2. MEDIDAS SÓCIO-EDUCATIVAS: APLICAÇÃO E EFICÁCIA

            Relutando-se ou não em nomeá-las como medidas sócio-educativas, as reprimendas impostas aos menores infratores não se furta do caráter punitivo-sancional, embora alguns doutrinadores as queiram colocar livre do enfoque penalista. O que se apura é a mesma coisa, ou seja, ato definido como crime ou contravenção penal.

            Orienta GUSMÃO apud PAULA (1989, p.469) na justificação de seu esboço:

            ... o Juiz fará a aplicação das medidas segundo a sua adaptação ao caso concreto, atendendo aos motivos e circunstâncias do fato, condições do menor e antecedentes. A liberdade, assim, do magistrado é a mais ampla possível, de sorte que se faça uma perfeita individualização do tratamento. O menor que revelar periculosidade será internado até que mediante parecer técnico do órgão administrativo competente e pronunciamento do Ministério Público, seja decretado pelo juiz a cessação da periculosidade, assim, é um traço marcante no tratamento de menores.
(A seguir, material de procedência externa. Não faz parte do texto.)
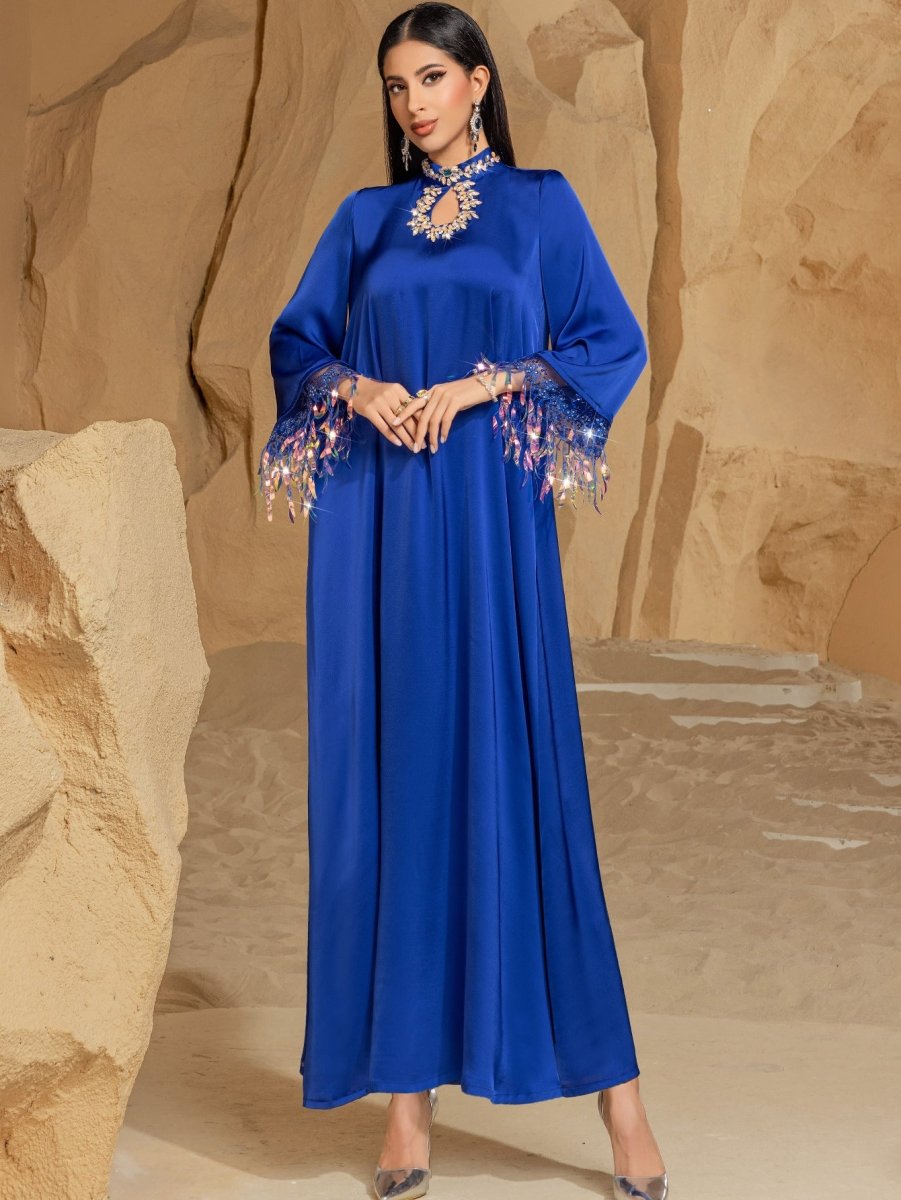 Elegant Embellished Blue Symphony Laser Gradient Fringed Abaya Long Dress. (MA184) - Mariam's Collection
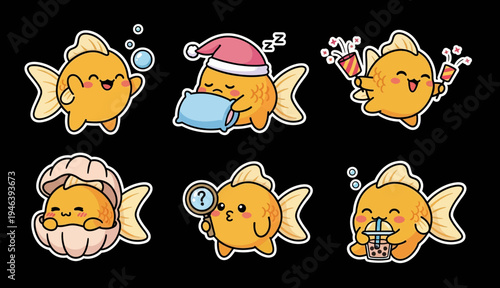 Adorable kawaii goldfish sticker set vector illustration pack, perfect for adding charming aquatic fun and playful emotions to digital projects as a versatile svg collection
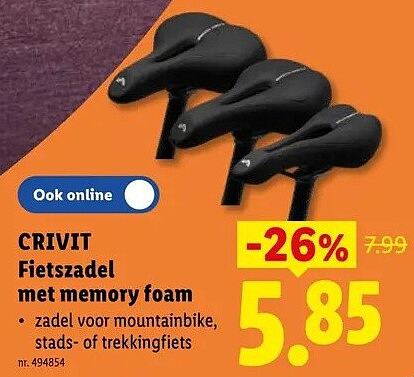 CRIVIT Fietszadel met memory foam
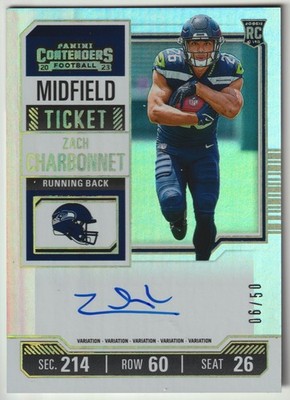 Zach Charbonnet 2023 Contenders Midfield Ticket Variation Rookie Auto #6/50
Toda vez que o juiz verifique a existência da periculosidade, ela lhe impõe a defesa social e ele, está na obrigação de determinar a internação.

            Contudo, ao administrar as medidas sócio-educativas, o Juiz da Infância e da Juventude não se aterá apenas às circunstâncias e à gravidade do delito, mas sobretudo, às condições pessoais do adolescente, sua personalidade, suas referências familiares e sociais, bem como a sua capacidade de cumpri-la.

            2.1.Da Advertência

            Talvez seja a medida de maior tradição no Direito do Menor, tendo constado tanto no primeiro Código de Menores pátrio, o Código Mello Mattos, de 1927, no art. 175, como também no Código de Menores de 1979, no art. 14, I, figurando entre as chamadas "Medidas de Assistência e Proteção".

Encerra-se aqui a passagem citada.